Tuesday, May 27, 2014
When phase knows its time to requantize
So I delved into this relationship from Gary Meisner. If the value Phi is the current quant rate, and the phase finds the minimum phase path to be a spehere, then at this point, its own circulur of phase surrounding the sphere is equal in density to the packed area of the sphere.
Look at this circle with the same triangle. A group of phase, optimally spread, attempts to penetrate the bubble. At that peak of the triangle is exactly where the spread of the colonizing phase meets an equal gradient in the area of the sphere. The root(Phi) will be an area density that matches spread quant Phi. There is no more minimum phase path into the sphere.
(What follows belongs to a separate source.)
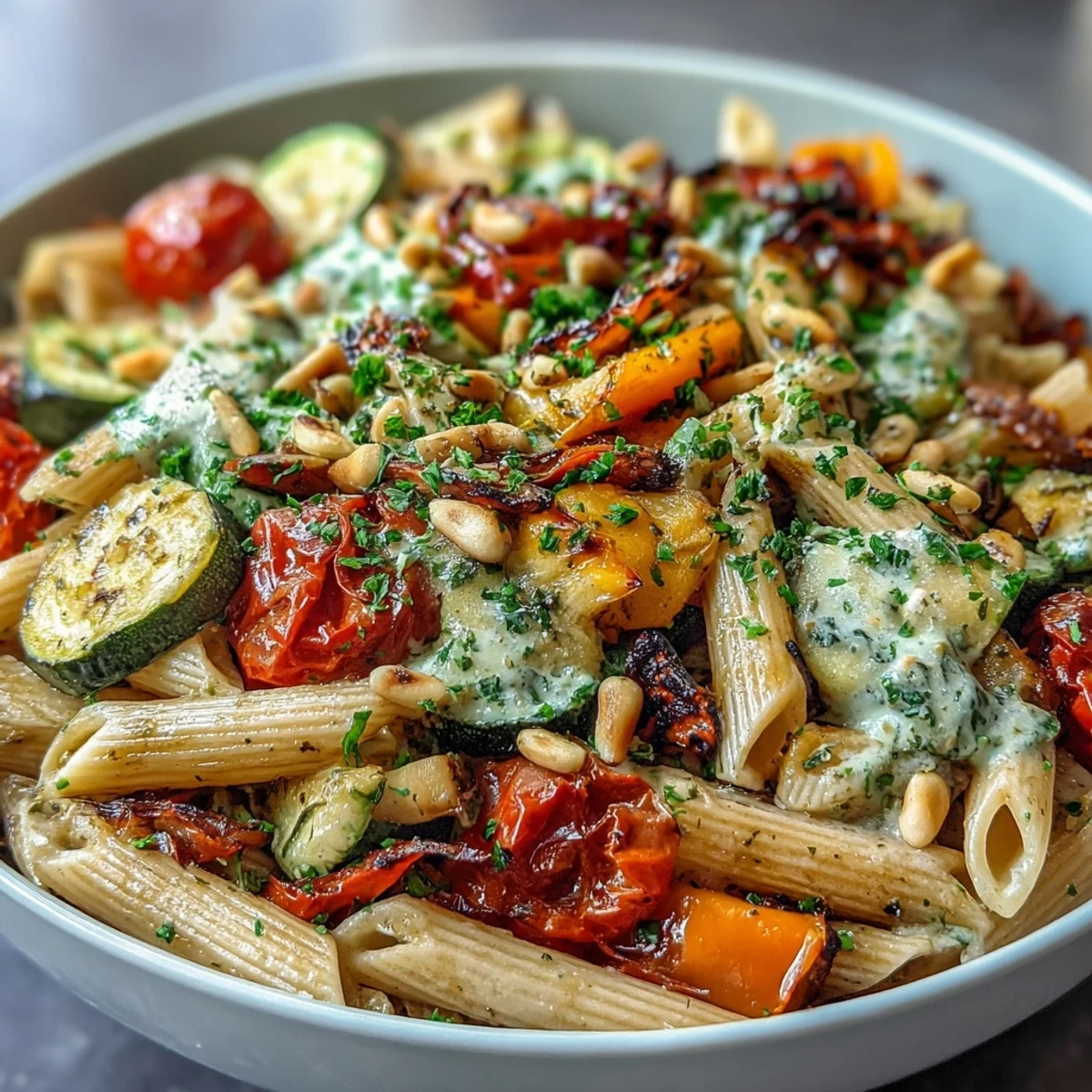 Creamy roasted vegetable and whole wheat pasta bowl topped with toasted pine nuts and fresh parsley.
The general condition holds by multiplying through all sides by phi^n. For a wave traped inside the atomic orbital, surrounded by a sphere of the Higgs limit, the same process works in reverse.
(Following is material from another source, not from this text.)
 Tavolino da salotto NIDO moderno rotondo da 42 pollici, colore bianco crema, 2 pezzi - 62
So, I think the irrational number quantizes surface area in constant ratios. The surface area is spectral power. and counts linear with the integer quantum number I believe. That means energy goes as n^(3/2), with the quant numbers. And Compton Null/Freq = Constant is a spectral power match.
So, spectrum is allocated increasingly toward the centrer of the atom, no surprise. But check me on this, as I have surface area decreasing but spectral flux in increasing. This is one of the cases where I forget if I am counting down or up. The thing is letting surface area go by quant number, but I think that means more flux density. So, in other words, I am likely counting up instead of down, but I do not care, its a sign change and I get to it later.
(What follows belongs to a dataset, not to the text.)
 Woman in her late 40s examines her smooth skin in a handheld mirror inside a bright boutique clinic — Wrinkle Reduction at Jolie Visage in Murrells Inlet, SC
Mainly by packing more of the Nulls toward the center of the atom. The quarks are packed in and only short wavelengths are supported, the Compton effect. Simplifies the job of allocating polynomial bandwidth. Density of packed nulls is the inverse of power spectra. EM light is low bandwidth compared to gamma. Quarks make faster adjustments over shorter lengths then does the electron.
What about signal to noise? They are power or energy ratios. I am not sure here, but if we went with volume are the signal and area as the noise, except it goes as phi^n, and volume goes as phi^(n*3/2). SNR = r/3 becomes (phi)^(n*1/2)/3.
Here is what I am doing
The phase is packed according to minimum phase, radially. It is linear along the radial axis. But it gives me the SNR, which is constant going up the axis, so I can compute the maximum entropy packing, which I did, and at first glance it matches the proton well enough. So light quantizes for minimum phase and Higgs does the maximum entropy on the rebound.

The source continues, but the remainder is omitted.